That's arguably even worse than taking apart a Mac laptop.

BTW, the way, the techs tell me that once you take off the glass, it's extremely hard to not get dust behind the glass.

It's too bad they've moved away from the iMac G5's days when a lot of these parts were actually designed to be user replaceable.
 

Emulex

Diamond Member
Jan 28, 2001
9,759
1
71
why i like the mac pro. I can upgrade to 6-core cpu's (dual quad core xeon now) - i can add raid cards external storage. anything pretty much. flash a 5870 and use it (pc version). When the 2009 machine is 5 years old it will still sell for a pretty penny since it is 10.7/10.8 (64 bit only) compatible. Plus i can pick a better quality monitor than the junk that apple sells.
 

Eug

Lifer
Mar 11, 2000
24,156
1,804
126
HDD Fan Control software addresses iMac hard drive replacement issue

According to the developer behind HDD Fan Control, this is a problem that has been present in iMac models since late 2009. The dev wrote his HDD Fan control application after he replaced his own hard drive and the fan speed for the drive increased to 6000 rpm. He used the hard drive's S.M.A.R.T. (Self-Monitoring, Analysis and Reporting Technology) interface to control the speed of the fan and bring it down to a normal level.
 

Emulex

Diamond Member
Jan 28, 2001
9,759
1
71
yeah the dual quad core 2.26 goes for about $1500 used and $1800-2000 on ebay (higher having applecare still).

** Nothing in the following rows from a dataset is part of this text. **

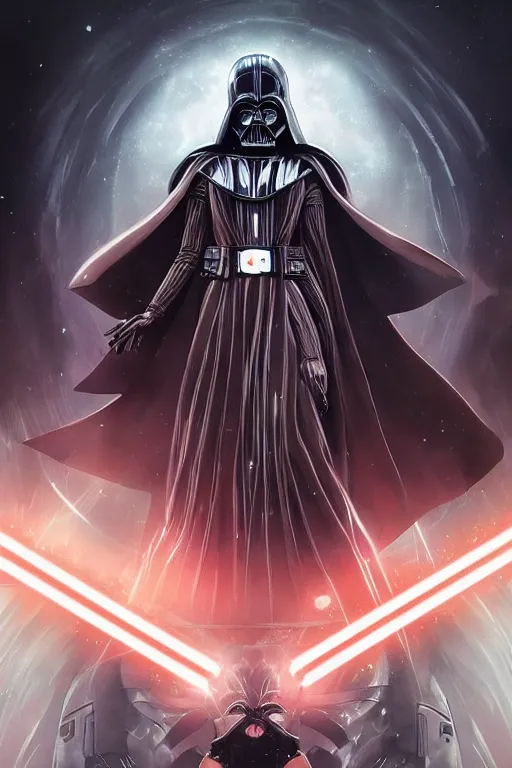 Image similar to anime key visual of a female darth vader goddess!!, intricate, stunning, highly detailed, digital painting, artstation, smooth, hard focus, starwars, sith, dark side, villain, the force, lucas films, illustration, art by artgerm and greg rutkowski and alphonse mucha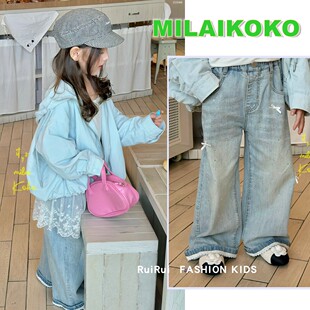 milaikoko米莱童装2026春款女童连帽外套217015蕾丝吊带裙牛仔裤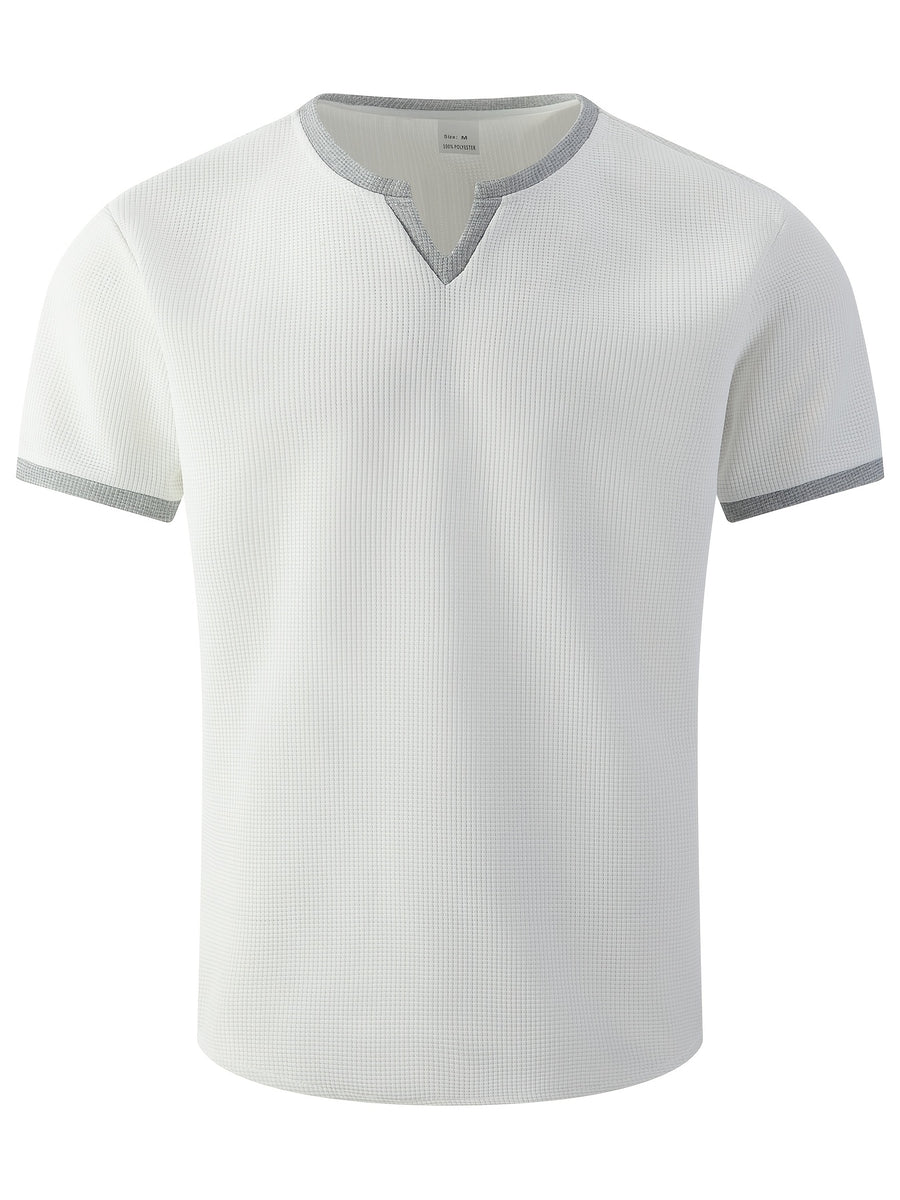 Men'S Solid Waffle Knit V-Neck Tee, Contrast Edge Short Sleeve Casual Daily T-Shirt - White
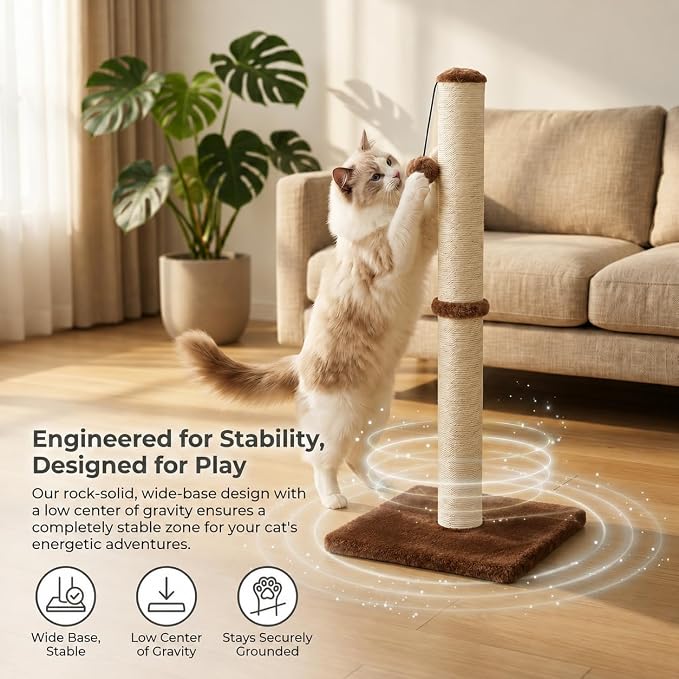 Dimaka 34" Height Tall Cat Scratching Post, Claw Scratcher with Sisal Rope and Covered with Soft Smooth Plush, Vertical Scratch [Full Strectch] for All Cats (Dark Brown, 34 inches for Large Cats)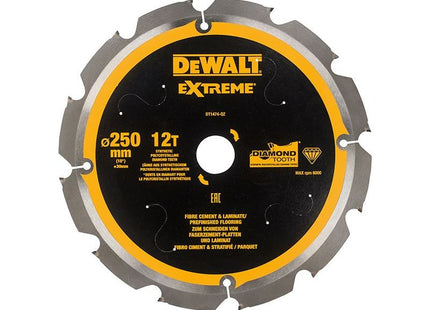 Dewalt Power Tools Extreme PCD Fibre Cement Saw Blade 250 x 30mm x 12T DeWALT Power Tools - RockBottom Northampton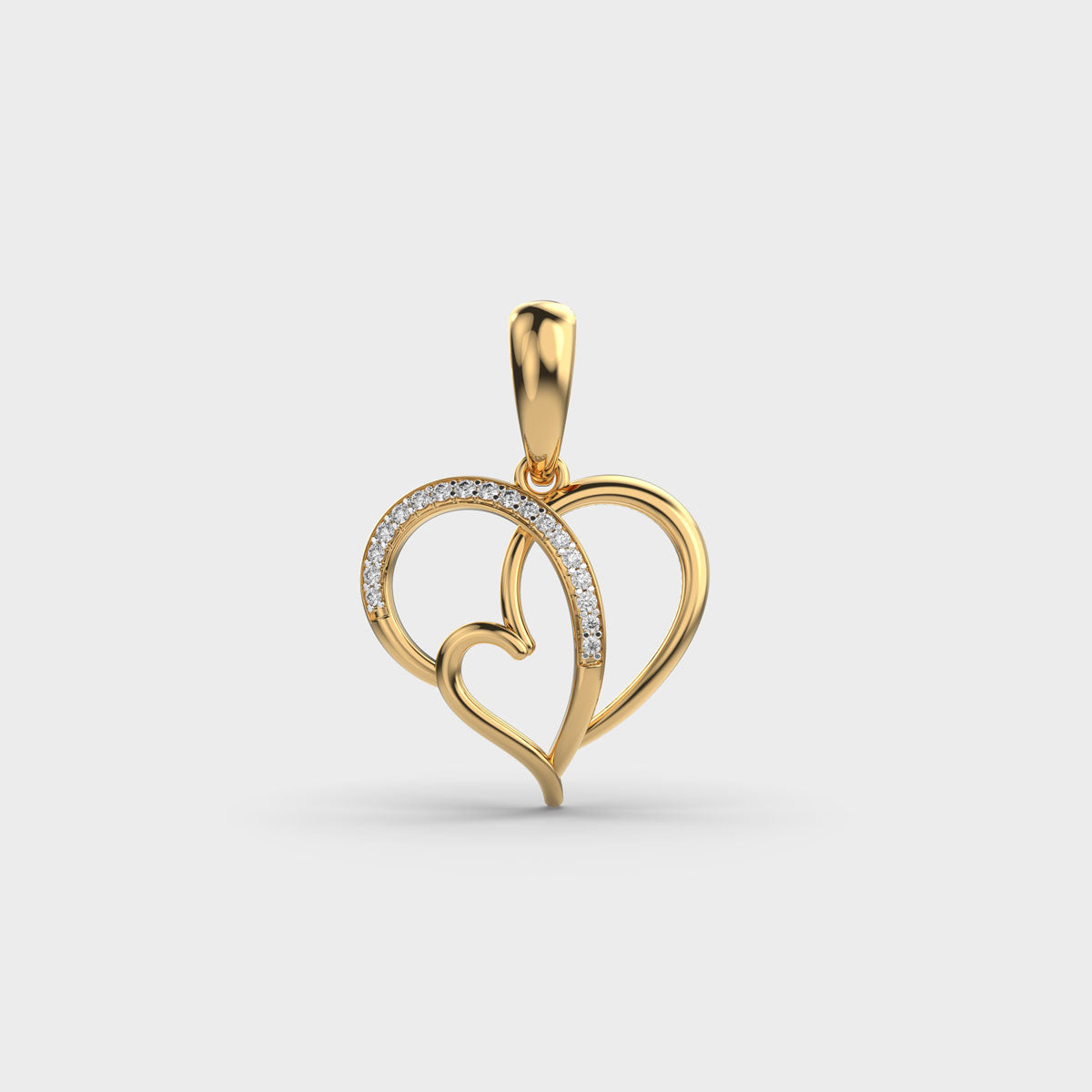 Love and Heart Diamond Pendant (Without Chain)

but there is a price to pay for something that works well and is fully ECC compliant and when you get tired of 2.26ghz you can bop in some 6-core's and bump the ram up to 1333mhz.
 

Hellhammer

AnandTech Emeritus
Apr 25, 2011
701
4
81
yeah the dual quad core 2.26 goes for about $1500 used and $1800-2000 on ebay (higher having applecare still).

but there is a price to pay for something that works well and is fully ECC compliant and when you get tired of 2.26ghz you can bop in some 6-core's and bump the ram up to 1333mhz.

That requires a firmware flash since 6-core CPUs use different stepping (B1 instead of D0).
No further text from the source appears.